*** Begin section ***

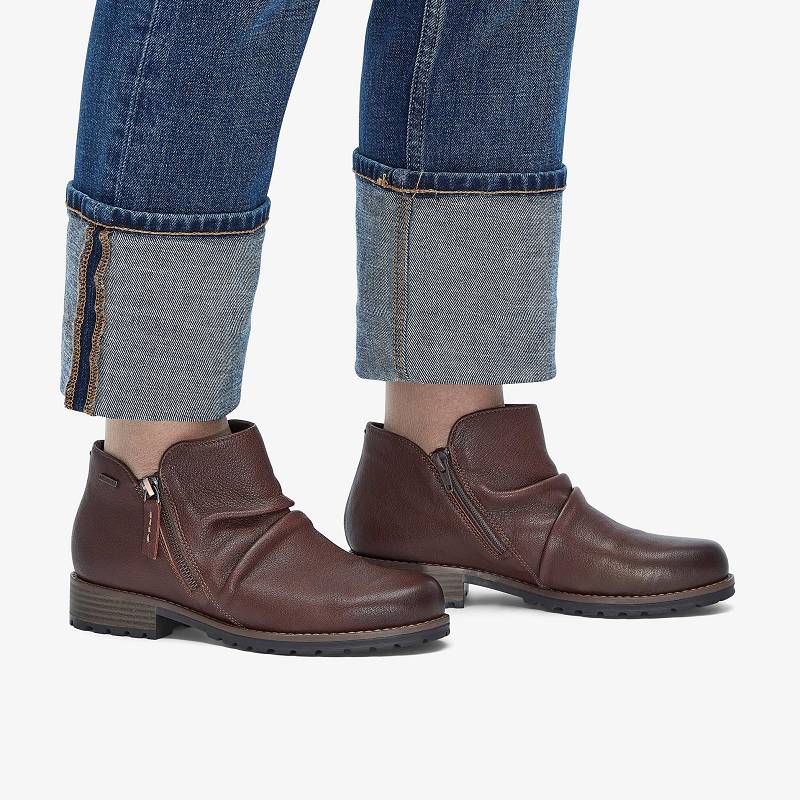 Clarks Nissini Top Waterproof Smeđe | CLKS-85453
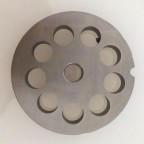 Piastra per tritacarne TC 12 Reber 12 mm  acciaio inox 4352  A 12
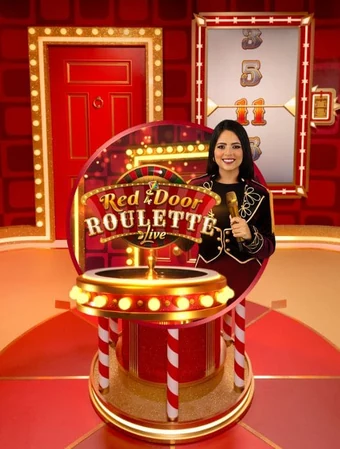 Table de Red Door Roulette en direct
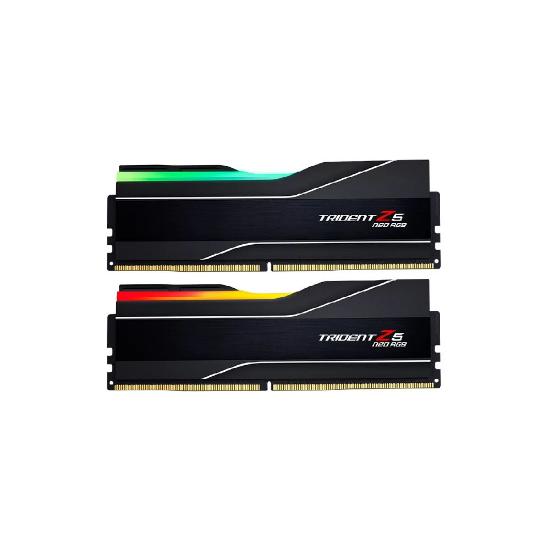 RAM pomnilnik PC-48000, 32GB, G.SKILL Trident Z5 Neo RGB, F5-6000J3038F16GX2-TZ5NR, DDR5 6000MHz, kit 2x16GB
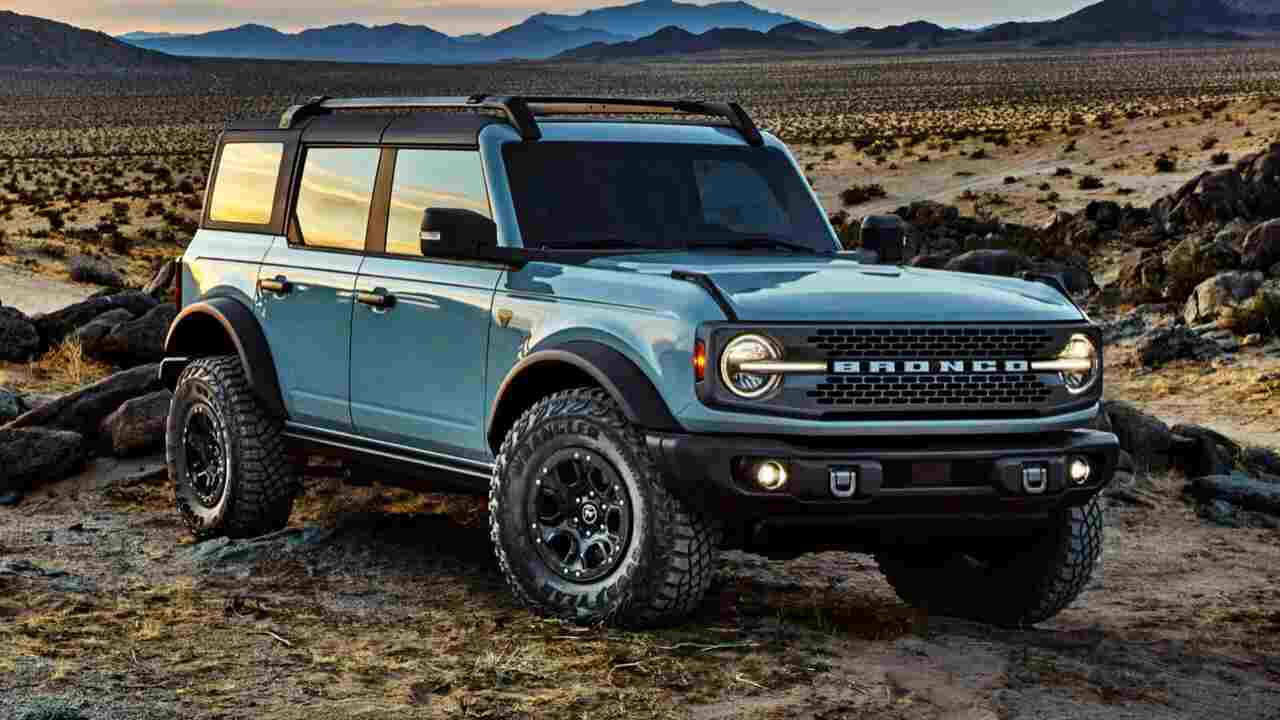 Ford Bronco arriva in Europa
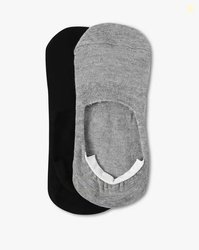 Teamspirit Pack of 2 No-Show Socks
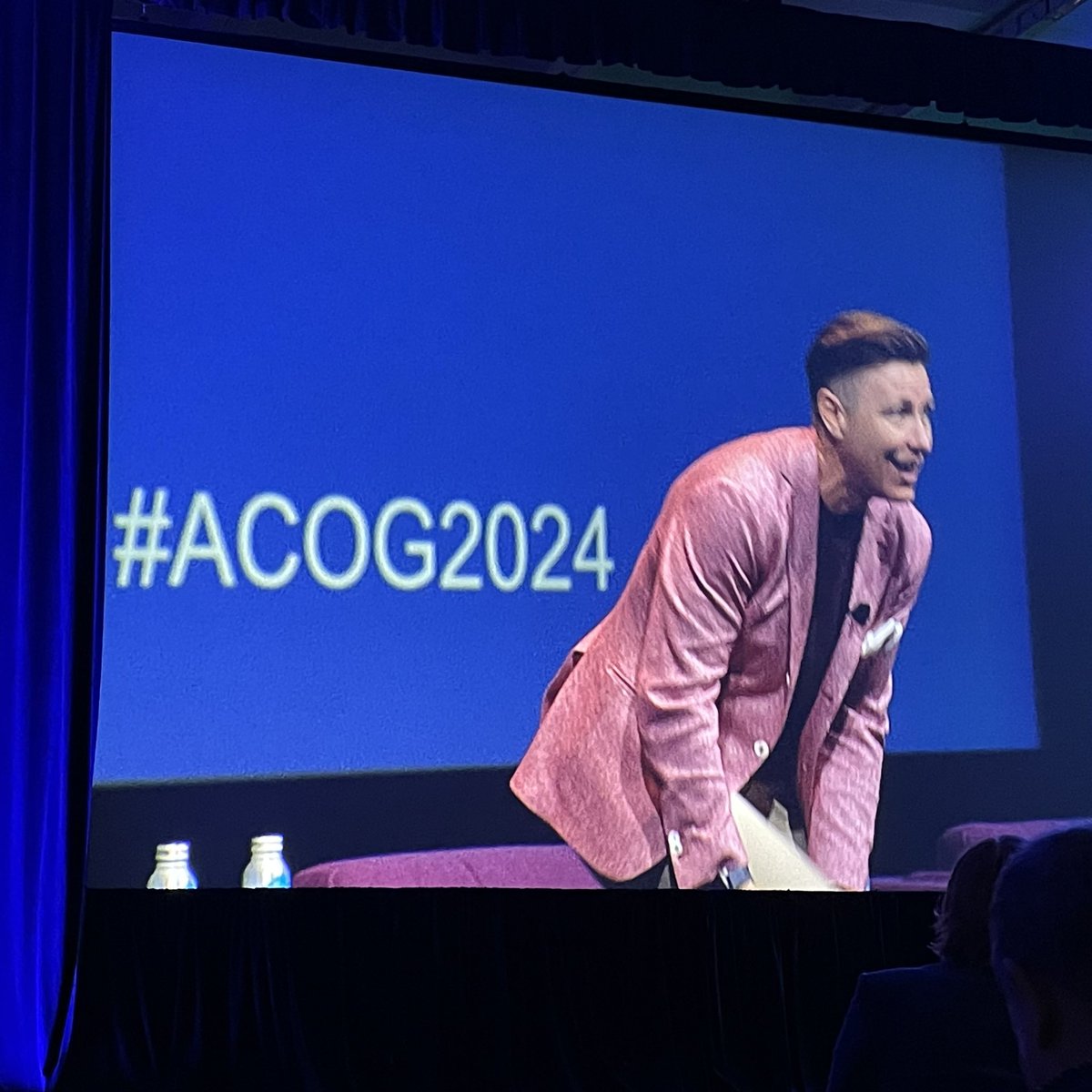 Lessons from today’s Keynote: We all need our teammates to score goals. When we are on the bench, we can be game changers and we can lead. <a href="/acog/">ACOG</a> #ACOG2024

*** End section ***

• [What the exercise asks]:
Set down the data again, exactly, without images.

• [Final answer]:
 Clarks Nissini Top Waterproof Smeđe | CLKS-85453
 Piastra per tritacarne TC 12 Reber 12 mm  acciaio inox 4352  A 12
 Table de Red Door Roulette en direct
 RAM pomnilnik PC-48000, 32GB, G.SKILL Trident Z5 Neo RGB, F5-6000J3038F16GX2-TZ5NR, DDR5 6000MHz, kit 2x16GB
 Ford Bronco arriva in Europa
 Teamspirit Pack of 2 No-Show Socks
 Lessons from today’s Keynote: We all need our teammates to score goals. When we are on the bench, we can be game changers and we can lead. <a href="/acog/">ACOG</a> #ACOG2024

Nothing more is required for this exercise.